Julia

REXX Primes

Just a quick sanity check on performance.

/** primes.rexx */
/* Created 2019-09-26 */
/* Copyright © 2019 by Mark Damon Hughes. All Rights Reserved. */

PARSE ARG primeCount
IF \ DATATYPE(primeCount, "W") THEN DO
    SAY "Usage: primes.rexx N"
    EXIT 1
END

CALL clearPrimes
CALL sievePrimes
CALL printPrimes
EXIT 0

clearPrimes: PROCEDURE EXPOSE primes. primeCount
    primes. = 1
    primes.0 = primeCount
    primes.1 = 0
RETURN

sievePrimes: PROCEDURE EXPOSE primes. primeCount
    DO i = 2 TO primeCount
        DO j = (i * i) TO primeCount BY i
            primes.j = 0
        END
    END
RETURN

printPrimes: PROCEDURE EXPOSE primes. primeCount
    DO i = 1 TO primeCount
        IF primes.i THEN CALL CHAROUT , i || " "
    END
RETURN

# REXX: 0.8% C
% time rexx primes.rexx 1000000 >~/tmp/primes-rexx.txt
rexx primes.rexx 1000000 > ~/tmp/primes-rexx.txt  6.43s user 0.36s system 99% cpu 6.831 total

# Regina: 1.53% C
% time regina primes.rexx 1000000 >~/tmp/primes-regina.txt
regina primes.rexx 1000000 > ~/tmp/primes-regina.txt  3.25s user 0.26s system 99% cpu 3.521 total

# Python: 4.8% C
% time ./primes.py 1000000 >~/tmp/primes-python.txt
./primes.py 1000000 > ~/tmp/primes-python.txt  0.75s user 0.02s system 68% cpu 1.123 total

# Julia: 1.4% C
% time ./primes.jl 1000000 >~/tmp/primes-julia.txt
./primes.jl 1000000 > ~/tmp/primes-julia.txt  0.45s user 0.35s system 21% cpu 3.797 total

Most of REXX's bad time can be attributed to using stem variables in a tight loop, effectively string-keyed hashtables, so I'm sure an ooRexx Array implementation would be significantly faster. But stems are what you'd use in "real code", so caveat coder. In a long real-world program I don't think it's as big an issue, but it's definitely not received the kind of optimization love that newer languages have. Aesthetically, the REXX source is a little wordier and more explicit about globals access, but not hard to write or read.

I went ahead and grabbed Regina, and it doubles the speed of ooRexx. I'm still wary of it, but that's a big win.

Python's not terrible at anything; it's within a stone's throw of a compiled language at this point. Competent mediocrity has really made Python the new dynamic Java of our time. But you still can't do multithreading in it.

Julia's slow because the startup time is just atrocious; if I timed it internally after startup it'd be as fast as a compiled native program, but as a scripting language Julia's bad news.

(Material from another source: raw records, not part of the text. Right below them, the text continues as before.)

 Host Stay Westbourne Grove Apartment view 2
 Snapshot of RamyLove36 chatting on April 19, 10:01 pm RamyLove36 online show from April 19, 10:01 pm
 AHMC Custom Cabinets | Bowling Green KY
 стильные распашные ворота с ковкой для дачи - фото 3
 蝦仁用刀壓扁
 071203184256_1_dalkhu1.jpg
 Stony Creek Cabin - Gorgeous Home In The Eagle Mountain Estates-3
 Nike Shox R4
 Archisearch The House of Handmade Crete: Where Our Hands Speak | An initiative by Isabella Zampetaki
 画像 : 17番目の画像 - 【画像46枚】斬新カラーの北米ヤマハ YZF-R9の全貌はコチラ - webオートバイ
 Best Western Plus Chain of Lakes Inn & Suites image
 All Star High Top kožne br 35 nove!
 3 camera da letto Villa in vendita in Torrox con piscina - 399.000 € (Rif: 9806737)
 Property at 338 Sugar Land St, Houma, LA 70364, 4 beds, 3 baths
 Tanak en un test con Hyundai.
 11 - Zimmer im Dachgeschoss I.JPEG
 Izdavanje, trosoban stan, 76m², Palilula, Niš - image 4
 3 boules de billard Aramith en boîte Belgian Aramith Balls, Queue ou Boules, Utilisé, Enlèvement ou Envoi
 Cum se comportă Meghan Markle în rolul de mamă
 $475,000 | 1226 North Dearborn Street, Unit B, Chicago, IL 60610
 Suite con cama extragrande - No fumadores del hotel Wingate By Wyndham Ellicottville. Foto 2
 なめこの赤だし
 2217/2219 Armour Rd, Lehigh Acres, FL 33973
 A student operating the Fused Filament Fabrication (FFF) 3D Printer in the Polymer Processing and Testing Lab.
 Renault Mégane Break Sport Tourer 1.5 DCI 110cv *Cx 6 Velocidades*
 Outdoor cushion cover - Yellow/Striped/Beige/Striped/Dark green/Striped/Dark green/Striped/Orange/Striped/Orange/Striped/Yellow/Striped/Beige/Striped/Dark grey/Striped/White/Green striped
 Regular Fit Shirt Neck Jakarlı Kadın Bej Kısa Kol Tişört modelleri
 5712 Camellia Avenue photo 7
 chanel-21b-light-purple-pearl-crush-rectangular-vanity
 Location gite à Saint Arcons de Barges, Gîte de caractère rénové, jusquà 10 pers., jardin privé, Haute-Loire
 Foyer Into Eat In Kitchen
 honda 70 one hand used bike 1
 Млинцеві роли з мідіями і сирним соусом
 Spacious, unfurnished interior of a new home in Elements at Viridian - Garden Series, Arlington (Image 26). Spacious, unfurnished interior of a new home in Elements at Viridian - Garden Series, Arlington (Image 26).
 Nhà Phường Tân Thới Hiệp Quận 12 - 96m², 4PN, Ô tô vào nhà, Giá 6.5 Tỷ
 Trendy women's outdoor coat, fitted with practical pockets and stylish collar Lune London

(I do have real work to do, but I'll keep playing with REXX more over the next few days)

Julia More Packaging & Code

I don't just drink coffee or booze, watch movies and Internet drama, and look cool. I code sometimes, too! Who knew?!

Carrying on with my experiment in Julia, packaging has another step needed to make references. For instance, Ansi uses Geometry, so:

Geometry/Project.toml:


authors = ["Mark Damon Hughes "]
name = "Geometry"
uuid = "e3172796-a620-11e8-2cbf-612649bb77f8"
version = "0.1.0"

[deps]

Ansi/Project.toml:


authors = ["Mark Damon Hughes "]
name = "Ansi"
uuid = "72992c94-a620-11e8-3d05-55611ea0dbd0"
version = "0.1.0"

[deps]

Geometry = "e3172796-a620-11e8-2cbf-612649bb77f8"

Ansi/Manifest.toml:


[[Geometry]]
repo-rev = "master"
repo-url = "/Users/mdh/Code/CodeJulia/Geometry"
uuid = "e3172796-a620-11e8-2cbf-612649bb77f8"
version = "0.1.0"

All the boldface code is what I wrote/copy-pasted, the rest is generated by juliaMakePackage.zsh. I may go ahead and make a tool to link projects, because it's so error-prone. In fact, I cheated, and made a single Manifest.toml which I copy to all projects so far, and can replace whenever something updates.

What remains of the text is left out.